This may or may not make sense with Perl, but it makes perfect sense
with Lisp, Erlang, and similar languages. You commonly pass functions
as arguments to other functions, and return functions from functions,
and it's critical to ensure that the functions you pass as arguments
or return behave as they ought. Much of this can be trial and error,
or a process of optimization.

I'm not proficient in Lisp by any stretch, but I currently write Lisp
on a daily basis. When writing a function, I don't start in the
editor, but on the REPL. I play with it until I get it the way that I
want, then (in emacs) copy the sexp, switch the the file buffer, and
yank it.

For example, in chapter 3 of Practical Common Lisp, we have this
example:

(defun prompt-for-cd ()
(make-cd
(prompt-read "Title")
(prompt-read "Artist")
(or (parse-integer (prompt-read "Rating") :junk-allowed t) 0)
(y-or-n-p "Ripped [y/n]: ")))

The function prompt-for-cd contains four other functions, make-cd,
prompt-read, parse-integer, and y-or-n-p. prompt-read is defined as

defun prompt-read (prompt)
(format *query-io* "~a: " prompt)
(force-output *query-io*)
(read-line *query-io*))

The REPL allows you to play with the functions until you get them
right. If you could imagine developing a Perl program in an
environment that allows you to write and test individual user defined
functions BEFORE INCLUDING THEM IN THE PROGRAM you would be close to
the idea. Also, this encourages your functions to be self-contained,
so you avoid many of the errors that can develop from dependencies
between functions.

I'm not advocating one language or style of development. There are
reasons that Perl is a lot more popular than Common Lisp, and Java a
lot more popular that Perl. I'm just saying, based on my personal
experience, that developing a program piece by piece, function by
function, by interactively testing them in the REPL, is efficient and
productive in certain ways.

CC.

Jürgen Exner · Dec 11, 2009

ccc31807 said:
This may or may not make sense with Perl, but it makes perfect sense
with Lisp, Erlang, and similar languages. You commonly pass functions
as arguments to other functions, and return functions from functions,

Sure, those are just HOF, aka higher order functions aka functions as
first-class citizen. Nothing special about them.

and it's critical to ensure that the functions you pass as arguments
or return behave as they ought. Much of this can be trial and error,
or a process of optimization.

Aeeeehmmmm, no. There is nothing special about a function that is passed
as an argument, and you can design and develop and write them just like
any other function in your program. Perl supports HOFs in a somewhat
simplified form, e.g. as the first parameter of sort(my_cmp ($a, $b),
@somearray) or File::Find::find(\&wanted).
And there is absolutely nothing special about writing or testing
my_cmp() or wanted() and you certainly don't need any special tools to
do so.

jue

ccc31807 · Dec 11, 2009

I strongly disagree.

I'm a database guy, and my main responsibilities is to munge data,
typically by running database queries and then processing the data. My
typical 'program' is between 50 and 100 lines. Most of the time, these
scripts are throw-aways. Occasionally, I'll develop a script that
grows and grows, but I usually can't tell in advance which is which.

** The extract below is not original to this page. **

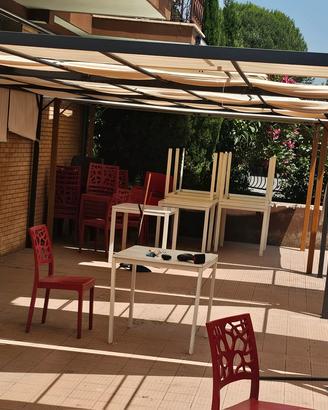 Gazebo 3x3 o 3x4 Telo Scorrevole Nero o Bianco New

That is a very poor way to write code and shows a major lack of proper
upfront design. Very often programs that have grown like that are
impossible to modularize because of random dependencies between
otherwise unrelated program parts. And for the same reason they are
extremely hard to maintain.

There really isn't a call for upfront design when you write a script
that inputs a CSV file 12 columns across, sort it by three fields, and
output a PDF file with the sorted data. It's as easy to write through
it as to think through it, and a lot quicker.

Absolutely not! Yes, there are always reasons and excuses why
refactoring code may become necessary. But refactoring is expensive in
time and cost, not to mention error prone. And recommending it as a
standard way for program development is, well, shall we just say quite a
stretch.

I didn't way that I refactored the code. What I said was 'copy and
paste' - by which I mean that I slap a sub <name> { ... } block around
the code and move it out of the sequence. By far most of my code is
for my own use, and while I will refactor code that I use over a
period of time, this isn't very common for me.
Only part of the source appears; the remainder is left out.